Ces mots qui, avec la complicité de Jacques Fieschi, son coscénariste, revêtent tant de puissance dans les films qu’elle a réalisés. Depuis Un week-end sur deux (1990) jusqu’à Amants (2020), le cinéma de Nicole Garcia explore comme peu d’autres pourquoi la vie ne vaut rien… et pourquoi rien ne vaut la vie.
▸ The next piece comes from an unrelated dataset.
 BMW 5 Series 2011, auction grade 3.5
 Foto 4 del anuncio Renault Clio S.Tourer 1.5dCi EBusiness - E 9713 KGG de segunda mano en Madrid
Dans une interview au Monde l’an dernier, elle confiait que sa mère l’avait laissée s’inscrire au conservatoire d’Oran, pour justement discipliner son parler précipité. Or les souvenirs qu’elle livrait dans la foulée disaient aussi le contraire. Elle évoquait dans la foulée le souvenir d’une sortie de l’adolescence “bâillonnée”. Le théâtre lui a permis de faire entendre sa voix “et, à défaut de parler en mon nom, parler avec d’autres mots que les miens.”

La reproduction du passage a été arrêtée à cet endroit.